After going through the recent Elektor FPGA Board article series, I wanted to put my FPGA board to some practical use while gaining more experience in VHDL programming, learning by doing. I decided to try to develop a VHDL project for a DDS function generator which could then be used to drive a small, low cost add-on shield for the FPGA board containing a 14-Bit DAC to provide output for the various wave forms. My original design provides for generating sine wave, square wave, saw tooth and triangle wave output ranging from 0 up to 80 megahertz, 2x16 LCD showing current frequency and operating mode (current wave form or sweep mode), 10 push buttons for setting frequency and mode (unit increase/decrease, thousand increase/decrease, million increase/decrease, 10x/100x multiplication factor for increase/decrease buttons, mode set wave form or sweep) and reset. After completing the VHDL project I started to test the program on the hardware using a breadboard prototype. Although the simulation appeared to run perfectly, the program did not run on the actual hardware. I have now taken all of the peripherals out of the program leaving the basic DDS generator module, which now runs on the prototype hardware. I will then begin building up the peripherals again step by step, testing on the hardware after each addition, and thus try to get back up to the original design. Currently, I am working with the basic generator to determine the actual usable frequency range. I have no prior experience with circuitry ranging into megahertz levels, so I may need some help in designing the DAC shield layout. I have added pictures of the breadboard layout and some oscilloscope traces at various frequencies and waveforms. I can also provide VHDL code for the basic DDS generator, but it will still be "under construction" and prone to changes.

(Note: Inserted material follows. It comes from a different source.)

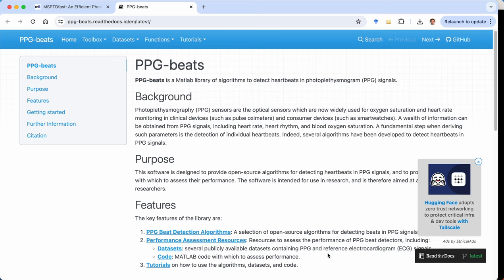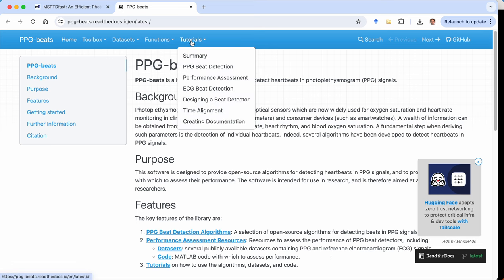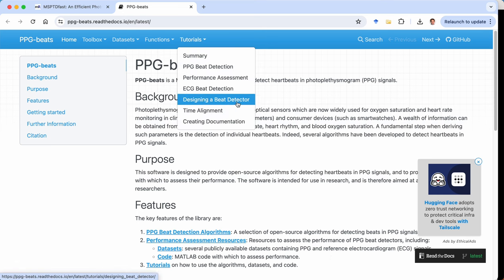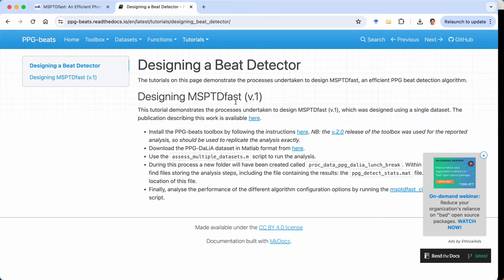This is the website for PPG beats, a MATLAB library of algorithms to detect heartbeats in PPG signals. And we'll be following the designing a beat detector tutorial. So this is the process that we undertook to design MSPTD fast. That's the name of a PPG beat detection algorithm.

The first primitive prototype shows the DAC (TI DAC904) mounted on a converter base for breadboard pin scale, along with a primitive output circuit for the DAC.  I envision the final layout to mount either under the FPGA board or perhaps over it with minimal intrusion to the the FPGA board itself.

The oscilloscope bottom traces show the signals taken directly at the DAC output, and the upper traces show the same signals taken at the output side of the circuit output transformer (PT8SM).

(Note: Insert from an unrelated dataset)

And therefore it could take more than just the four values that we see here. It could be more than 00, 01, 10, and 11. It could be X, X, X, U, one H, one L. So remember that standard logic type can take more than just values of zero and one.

The DAC904 can run at up to 200 MSPS, but I seem to be getting better trace results running at 112 MSPS.  I need to do more experimenting with accumulator size and internal sync frequency. 

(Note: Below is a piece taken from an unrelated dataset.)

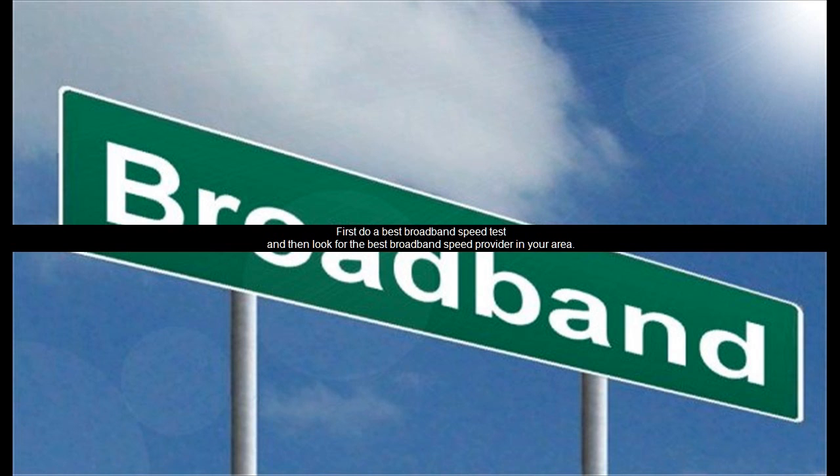First, do a best broadband speed test, and then look for the best broadband speed provider in your area.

I am not very concerned as yet with the unsymmetrical low frequency (8 kHz) square wave, since this is the first feasability test with a not very well balanced output circuit. Also, no separate power for digial and analog as yet. I wanted just a quick proof of concept before doing any serious fine tuning.

At 500 kHz one can see the quantisizing noise in the bottom traces, which are largely filtered out in the upper traces.

At 50 MHz the signal seems to be getting out of hand.  Not sure if that can be managed or not.  More testing needed.  Also not sure how much of the problem relates to deficiencies in my oscilloscope and/or probes.

UPDATE 1 MARCH 2014:  I have added a trace at 80 MHz after adjusting internal sync frequency to 128 MHz.  Considering the crude test layout, I am not too dissatisfied. I notice that the Xylinx chip gets quite warm  while running internally at 128 MHz using my code.

I have also modified the VHDL code to include pushbuttons for increasing/decreasing output frequency, and have successfully tested this on the hardware.

Now also added pushbuttons for wave form selection and successfully tested on hardware.  This did not want to work right off, and then I realized that the FPGA internal pulldown settings for the pushbutton input ports were not getting the job done as expected. I therefore had to add external pulldown resistors on the FPGA pins, after which everything worked like a charm.  I have added 2 additional photos showing a 270 kHz signal trace switching from sine wave to sawtooth using wave select buttons.

I will publish the VHDL source code as soon as I get written approval from Elektor-Verlag GmbH.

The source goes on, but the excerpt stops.